Monday, April 23, 2012

Scarborough belongs to Philippines, old maps show

Old maps dating back to Spanish colonial times may hold the key to the claim of the Philippines to Scarborough Shoal.

Known as “Bajo Scarburo,” the shoal now called Panatag by the Department of Foreign Affairs (DFA), has been part of the known world since 1734, when European cartographers began to map the world in an age of conquest.

In fact, Bajo Scarburo appeared on a map of the “Archipelago Filipino” as a constituent part of Sambalez (Zambales province) in a topographic map of the country “drawn under the direction of Ildefonso de Aragon on April 15, 1820.”

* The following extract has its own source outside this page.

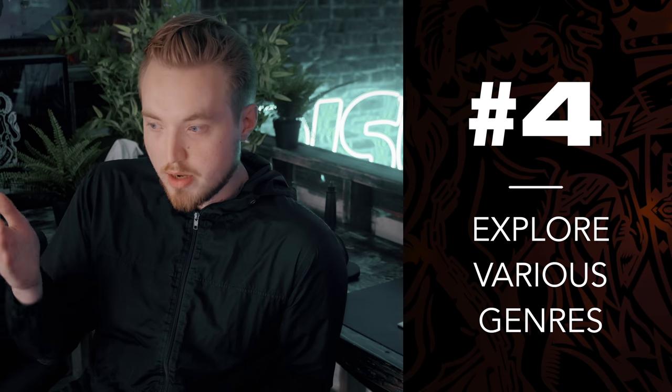Tip number four: it's really important to experiment with other genres, especially if you're in a creative block. Do not stick with one specific genre or sound. Even if you feel pressured to develop your own style or sound, it's okay to step outside and do whatever you want, because you don't want to get stuck in a rut — that will definitely be a huge creative block if you do that.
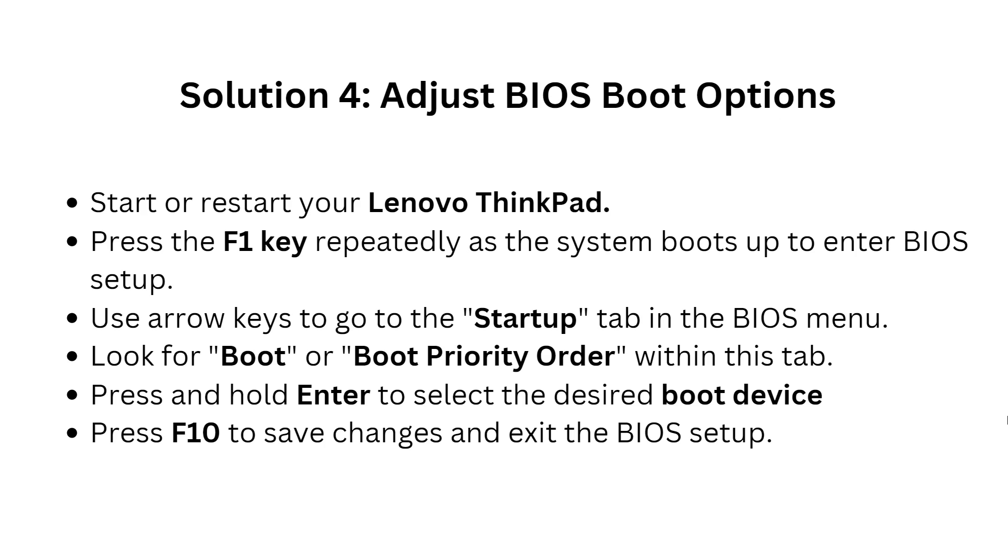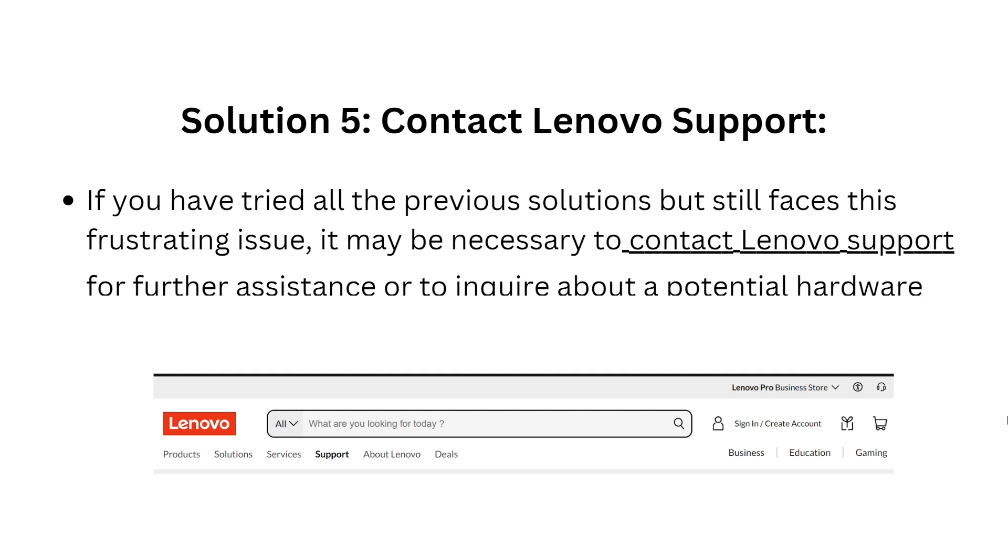The fourth solution is to adjust your boot options. Start or restart your Lenovo ThinkPad, then press the F1 key repeatedly as the system boots up to enter BIOS setup. Use the arrow keys to navigate to the Startup tab in the BIOS menu, look for boot priority order within this tab, and press Enter to select the desired device. Press F10 to save changes and exit BIOS setup.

Senator Edgardo J. Angara, who has a collection of ancient maps of the country, told the Philippine Daily Inquirer on Sunday that the maps would easily disprove the territorial claim of China to the shoal and its surrounding waters, which, he said, had no historical or legal grounds under the United Nations Convention on the Laws of the Sea (Unclos).

“It’s clear that Scarborough Shoal is part of our cartography during the Spanish colonial times,” he said. “We have maps (reproduced) from the original, which was made in 1734. During that time, Scarborough is already part of the Philippines.”

The DFA has asked Beijing to resolve the dispute through arbitration in the United Nations-backed International Tribunal on the Law of the Sea, but China swiftly rejected this.

As in the dispute over the Spratly Islands involving six nations, including the Philippines and China, Beijing has always preferred bilateral, where it has a clear advantage over smaller nations, over a multilateral approach.

But the DFA is standing by its decision to seek international arbitration with or without China.

The manuscript maps can be found in full-color in the hardbound book titled, “Mapping the Philippines: The Spanish Period,” authored by Angara, Jose Ma. A. CariƱo and Sonia P. Ner, and  published by the Rural Empowerment Assistance and Development in September 2009.

The book contains another map, which was published in Madrid in 1875 and republished by the US Department of War in 1899, a year after the Philippines was ceded to the United States in the Treaty of Paris. It bears the description: “This is a general map of the Philippine Archipelago arising from the work of the Hydrographic Commission of the Philippines under the command of Claudio Montero y Gray.”

‘Mother of all maps’

The 1875 map was the “product of the most comprehensive mapping and charting work in the Philippines lasting more than 20 years (1849-1870).”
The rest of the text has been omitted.